INSTRUCTIONS TO FOLLOW ->
From the first line to the last, print the material exactly, skipping the pictures.

GIVEN MATERIAL ->
^^^^^^^^

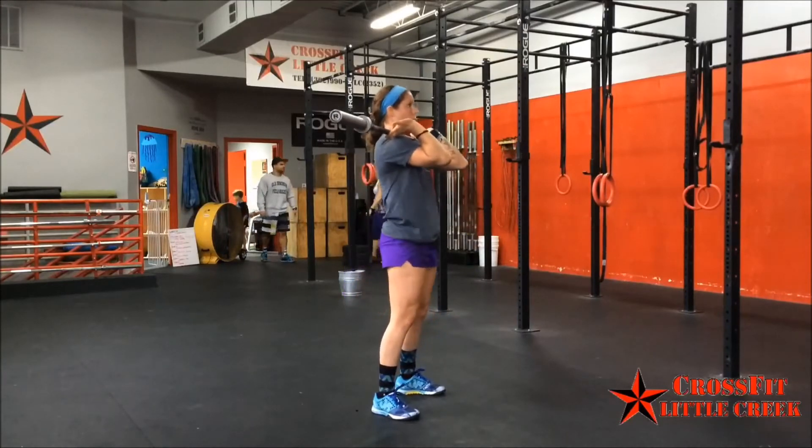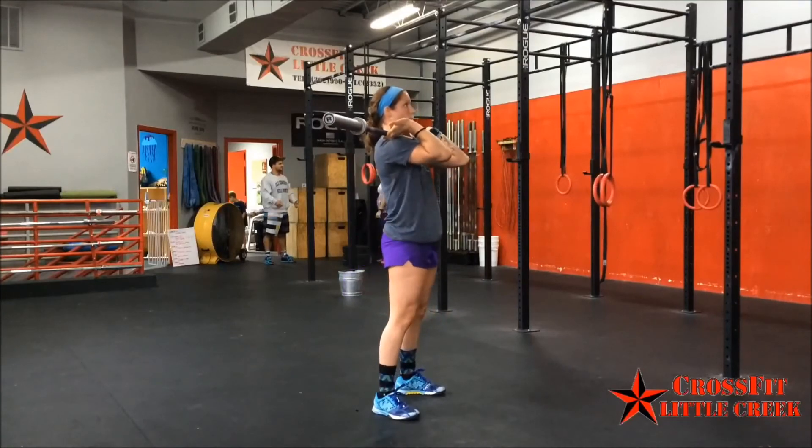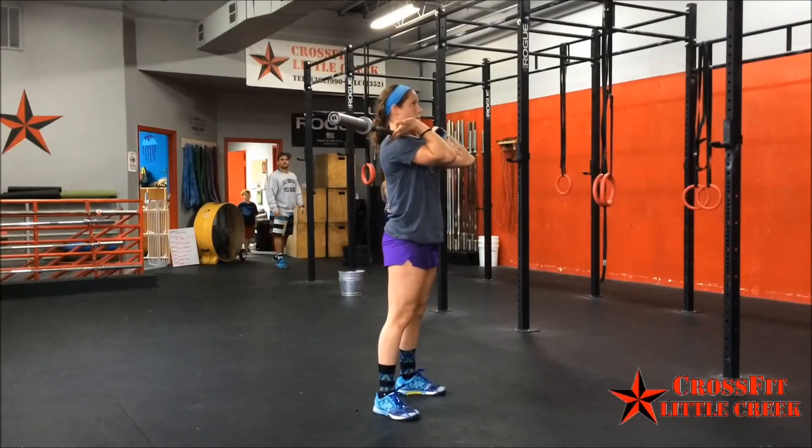Maintain a proud chest up posture with knees out over the toes and high elbows throughout the squat, and initiate the return to standing by driving through the heels, keeping the elbows pointed straight ahead.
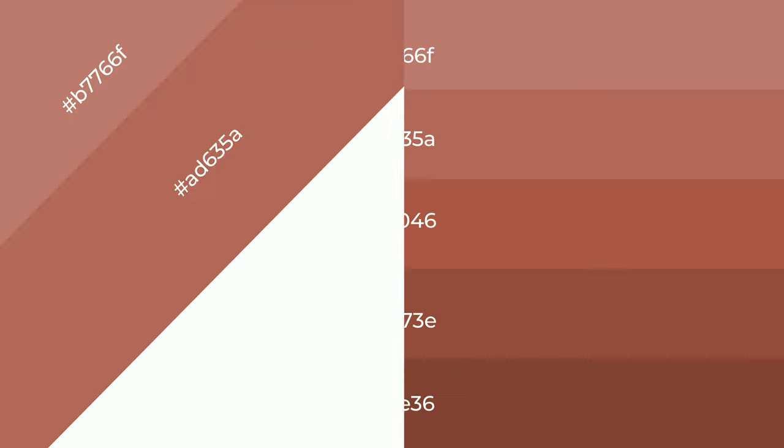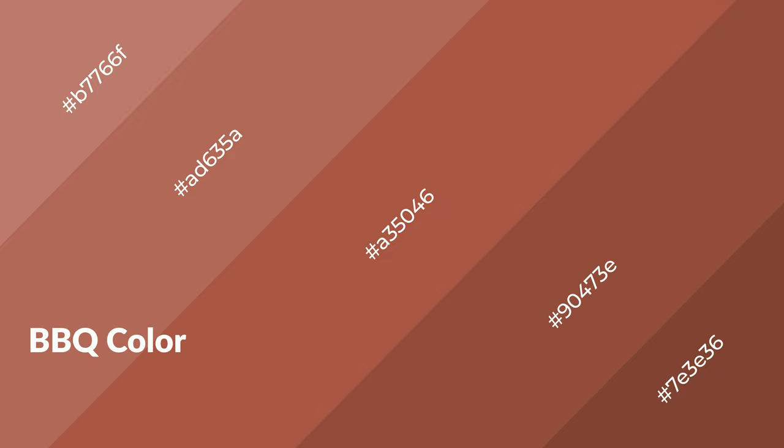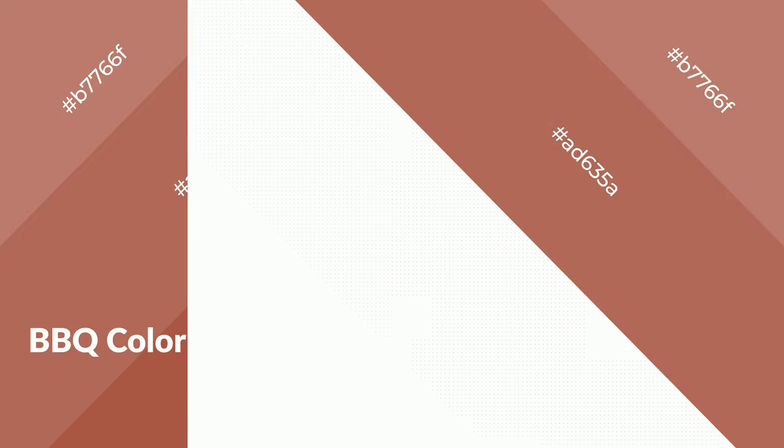Shades are used in patterns, 3D effects, and layers. Shades create depth and drama. Barbecue is a warm color and it emits cozier and active emotions. Warm colors are symbols of warmth, fire, heat, and sunshine.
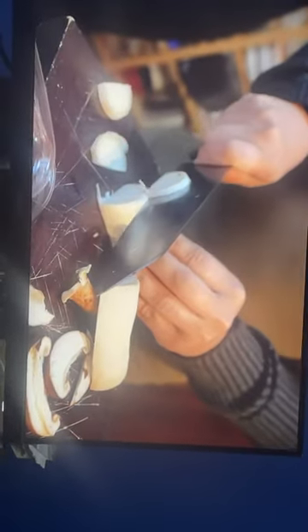Put it like this. This is how I'm going to start searing the salmon, like this.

^^^^^^^^

SOLUTION TO THE EXERCISE ->
Maintain a proud chest up posture with knees out over the toes and high elbows throughout the squat, and initiate the return to standing by driving through the heels, keeping the elbows pointed straight ahead.
Shades are used in patterns, 3D effects, and layers. Shades create depth and drama. Barbecue is a warm color and it emits cozier and active emotions. Warm colors are symbols of warmth, fire, heat, and sunshine.
Put it like this. This is how I'm going to start searing the salmon, like this.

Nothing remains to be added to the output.